Legacy of 1969 Charleston hospital workers strike 'often overlooked,' some say

The only physical remembrance at the Medical University of South Carolina of the 1969 hospital workers strike is a silver-and-black historic marker that stands modestly along a pedestrian entrance to the campus.

It describes, succinctly, what happened that spring. But on a recent weekday afternoon, few stopped to read it, few used this entrance, few walked along this stretch of Ashley Avenue where the marker, nestled in some foliage, is visible in front of the College of Dental Medicine.
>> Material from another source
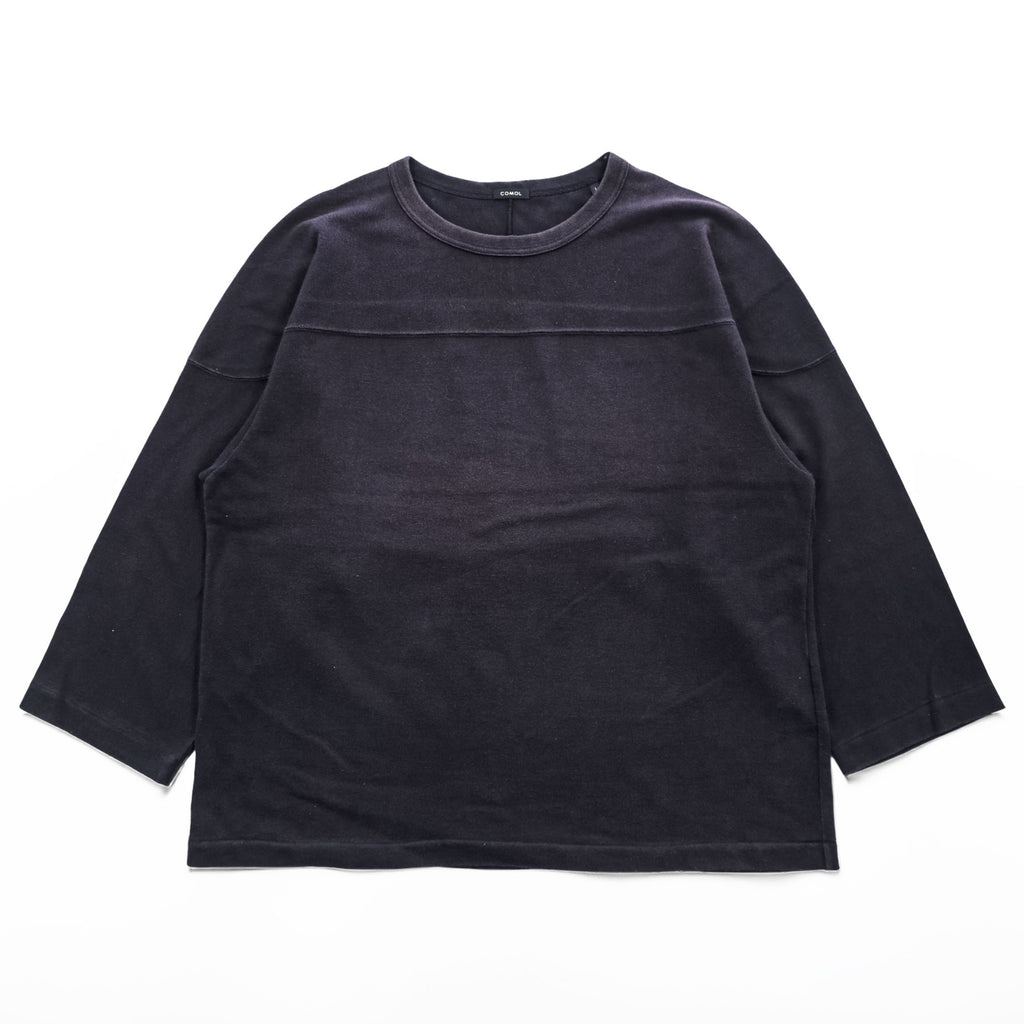COMOLI 日本製 フットボール Tシャツ 9分袖 カットソー S ネイビー ワイド W03-05007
On this particular day, only one or two employees sat nearby on a bench to eat lunch, lost in their private thoughts, seemingly unconcerned about an event that took place 50 years ago.

Nevertheless, the strike was one of the most significant episodes of the civil rights movement. It was the last large-scale civil rights march of the 1960s. It came in the wake of Martin Luther King Jr.’s assassination a year earlier and revitalized King’s Southern Christian Leadership Conference. It helped extend King’s Poor People’s Campaign, which focused on economic justice issues. It galvanized Charleston’s health care workers and put their supervisors on notice.

Read more: https://www.postandcourier.com/news/local_state_news/legacy-of-charleston-hospital-workers-strike-often-overlooked-some-say/article_246939ce-8608-11e9-a5cf-5786273935cf.html
(Charleston Post and Courier)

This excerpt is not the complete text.